KeYther

Posted on January 7, 2026 by Guilherme

Latest achievements

We are pleased to announce the publication of An Axiomatisation of Solidity Memory and Storage at the 23rd International Conference on Software Engineering and Formal Methods.

Introduction

KeYther is a theorem prover that we are creating for Solidity, which is the main programming language for the biggest smart contract plataform: Ethereum. KeYther is based on KeY system, that is used to verify Java programs using dynamic logic (which is a proof calculus on symbolic execution).
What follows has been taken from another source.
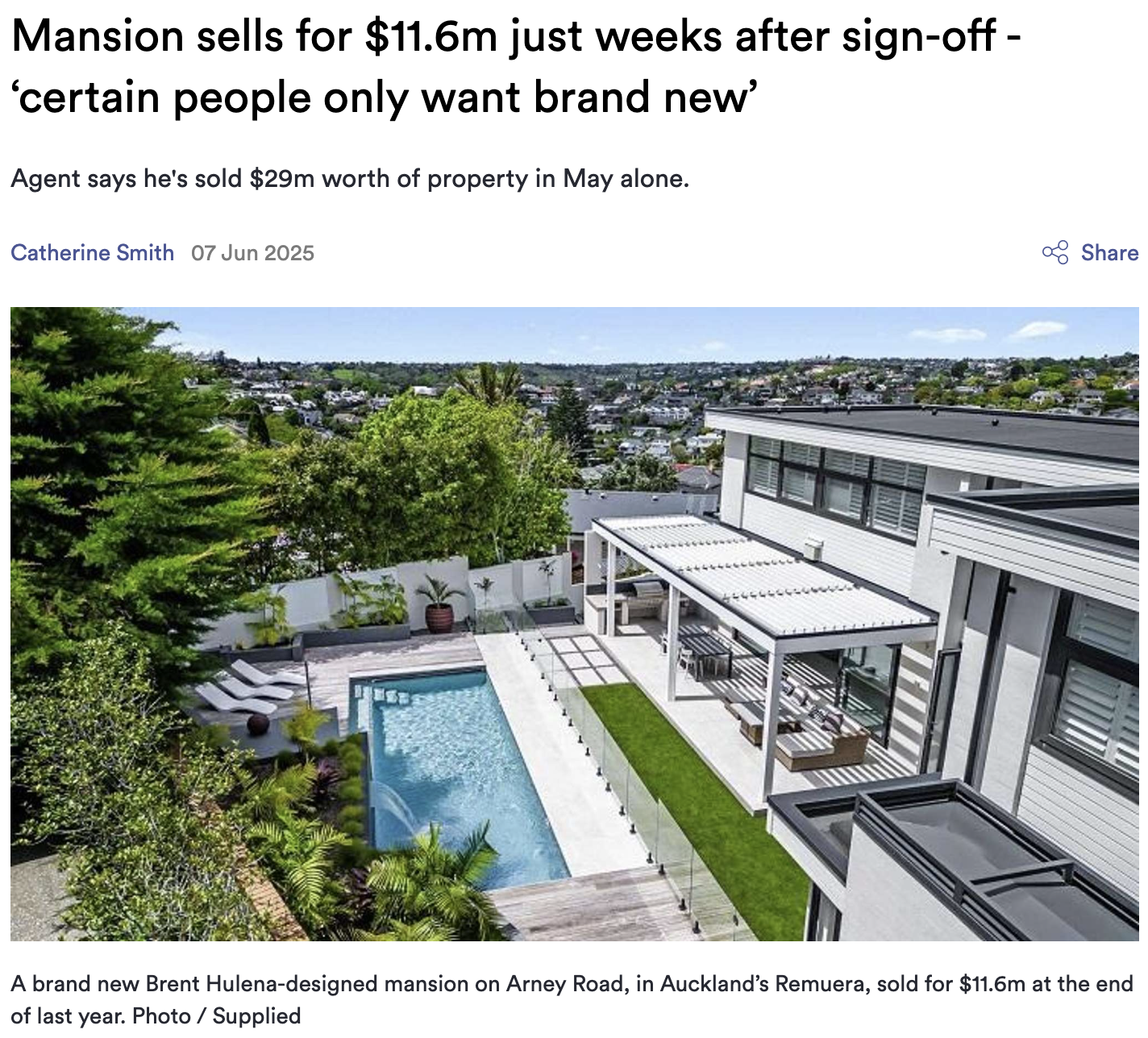 A modern white house with a backyard pool, sun loungers, and a covered patio area, surrounded by lush green trees and overlooking a cityscape of Auckland, New Zealand.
The basis of a program logic for a programming language is the formalisation of the data types offered by, and definable in, the language. In this work, we already did an axiomatisation of Solidity’s data types, which is essentially an algebraic specification of these data types. The axioms, or rules, are meant to symbolically execute operations on symbolic expressions appearing in logical formulas. In future work, this axiomatisation will be embedded in a (symbolic execution based) proof calculus for Solidity dynamic logic. However, it can be equally used by other verification approaches, based on Hoare logic or weakest precondition calculi.

Memory

In our work, we started by formalising the memory model that works like a memory table with pointers. Because of that, the copy is shallow. In addition, Solidty has arbitrarily nested data structures. So we formalizing memory by creating an identity for each structure, and nested structures are formalized as a list of fields.

Storage

For the storage, they work as value data types. So we formalized it in two ways: lazy and eager:

  • In eager, the storage is formalized as a tree, which is more intuitive.
  • In lazy approach, the storage is formalized as a list of keys and values. So it has a flat data structure.

Storage and Memory

In Solidity, it is possible to copy from storage to memory and vice-versa. We did also both formalization of lazy and eager copy. The eager does the “real copy” while the lazy looks what the eager approach is suposed to do. We did some formalization in Lean theorem prover that the eager approach respect the lazy definition.

Related Work

The work of Diego Marmsoler and Achim D. Brucker of Denotational semantics of Solidity in Isabelle/HOL has the axiomatization of memory and storage, but it is still not enough for high degree of automation.

The paper SMT-Friendly Formalization of the Solidity Memory Model has good automation because it relies on Boogie, which uses Z3 (an SMT solver). However, the memory and storage are still not fully automatizes.

Solidifier is another great theorem prover with high level of automation. However, it is a bounded model checker, so it can not verify big and complex programs.

In conclusion, our work is the only one with full formalization of memory and storage and with high degree of automation.